**Task objective:**
From the material below, retype exactly the lines that begin at the line with "This is a brand" and end after the line with "Come test drive"; pictures stay out of the copy.

-- Input follows --

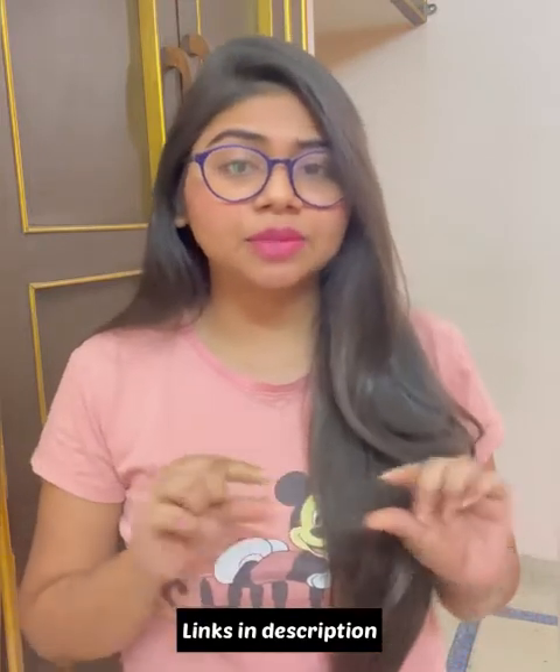I've also covered satin lipsticks and many brands. All these lipsticks are affordable and you can buy all of them from Amazon. All the links are mentioned in the description box, so if you want to explore any lipstick, brand, or shade, you can find it on Amazon. Without further ado, let's begin.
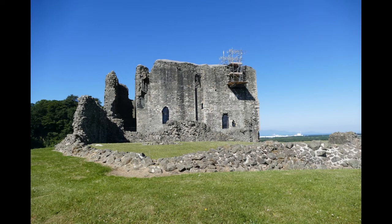Welcome to this virtual tour of Dundonald Castle. My name's Dave, I'm one of the guides there and I'll be your guide for this tour.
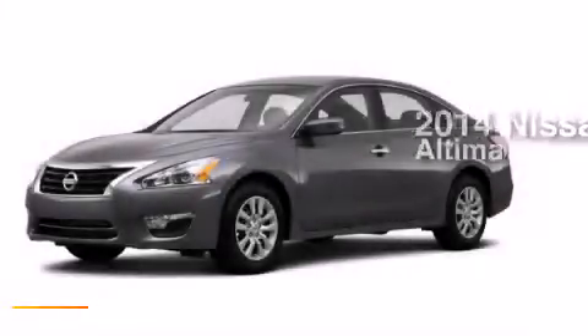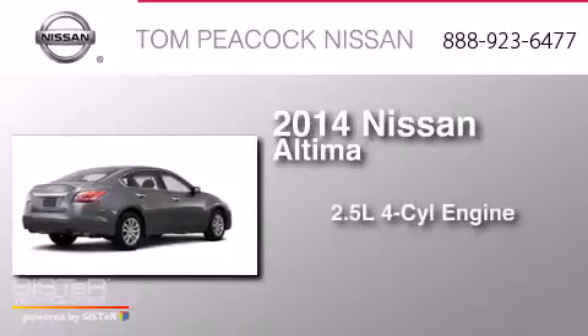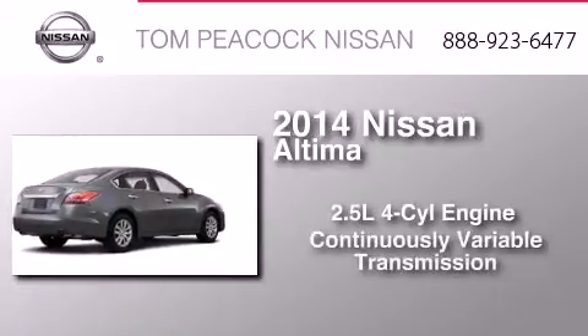This is a brand new 2014 Nissan Altima. It has a 2.5 liter 4-cylinder engine and a continuous variable transmission.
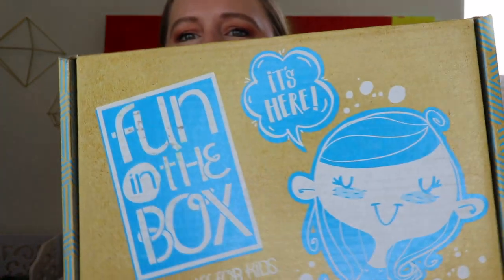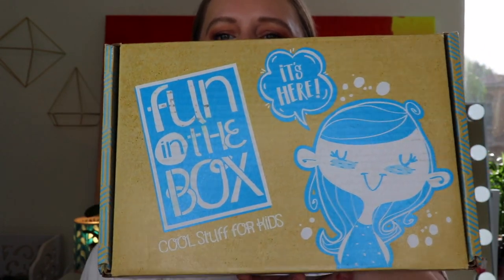It comes with a little handle, and this box is seasonal, meaning it ships every three months. It also ships to Canada and the US. Whenever we have a new box on our channel, I like to pull up the website and just get a little bit more information before the unboxing.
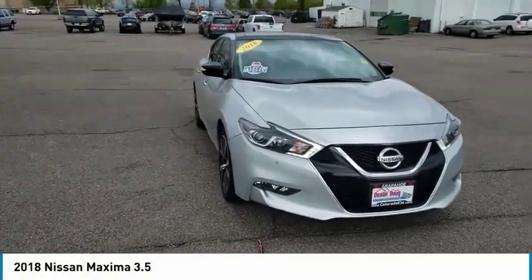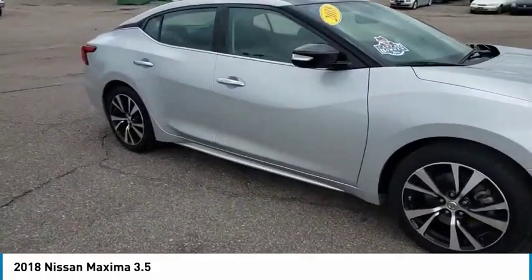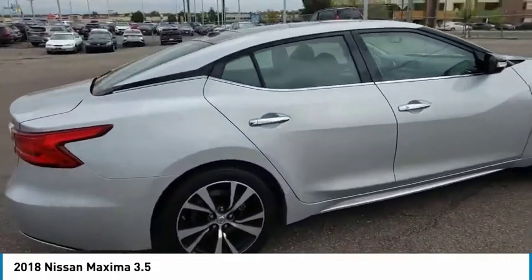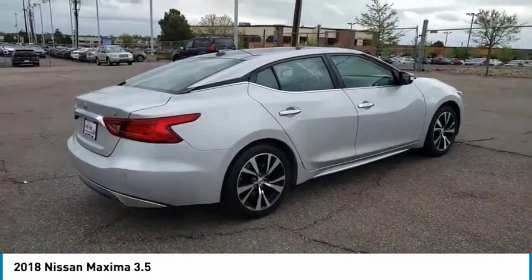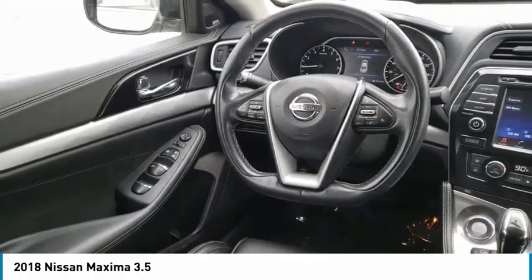Come test drive the 2018 Maxima. Maxima offers elegance with an edge. The spacious interior provides refined comfort for up to five passengers. Advanced technologies such as Nissan Intelligent Key and Push Button Ignition offer convenience and control.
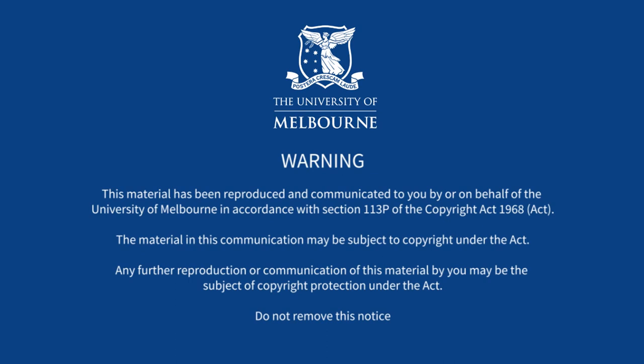This material is made available to you by or on behalf of the University of Melbourne under section 113p of the Copyright Act 1968. It may be subject to copyright. For more information, visit the University Copyright website.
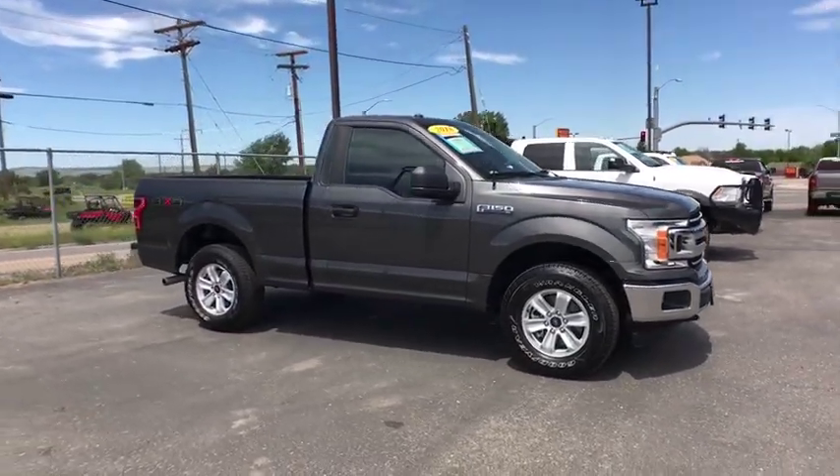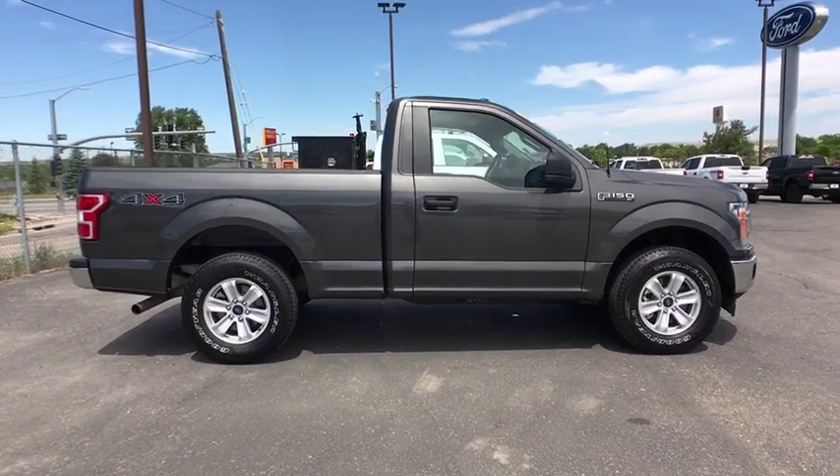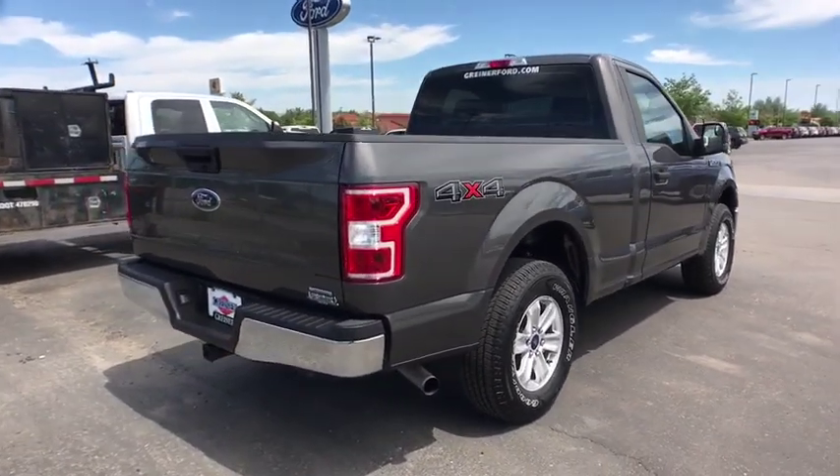Looking for the right vehicle? Check out the 2018 Ford F-150. A Ford F-150 knows how to handle any situation. It's built to follow orders. No whining.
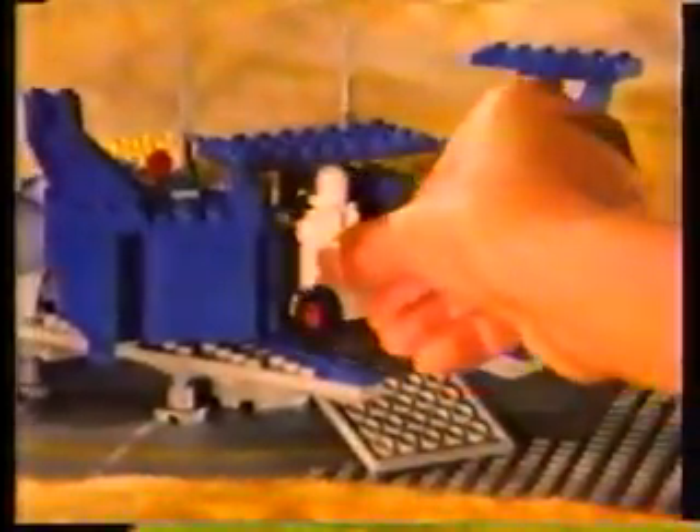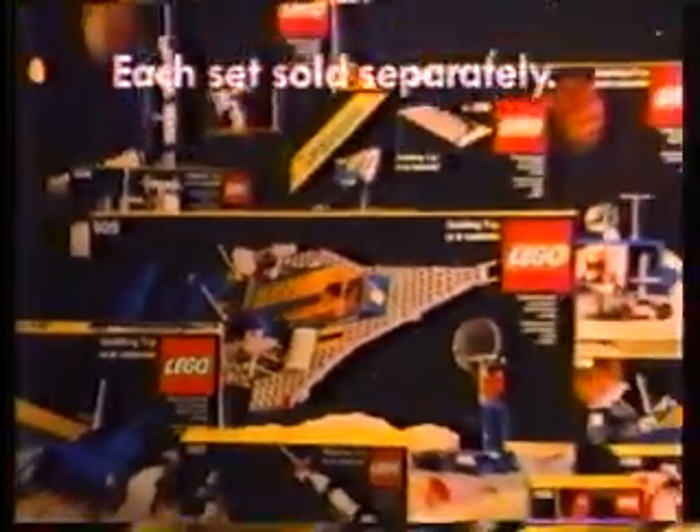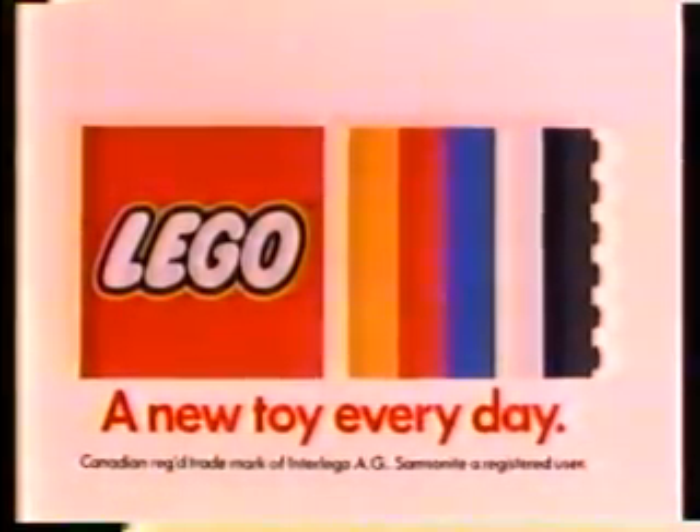Number 928, one of the new LEGO space series. Each set sold separately. LEGO, a new toy every day.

-- Input concluded --

**Output for this task:**
This is a brand new 2014 Nissan Altima. It has a 2.5 liter 4-cylinder engine and a continuous variable transmission.
It comes with a little handle, and this box is seasonal, meaning it ships every three months. It also ships to Canada and the US. Whenever we have a new box on our channel, I like to pull up the website and just get a little bit more information before the unboxing.
Come test drive the 2018 Maxima. Maxima offers elegance with an edge. The spacious interior provides refined comfort for up to five passengers. Advanced technologies such as Nissan Intelligent Key and Push Button Ignition offer convenience and control.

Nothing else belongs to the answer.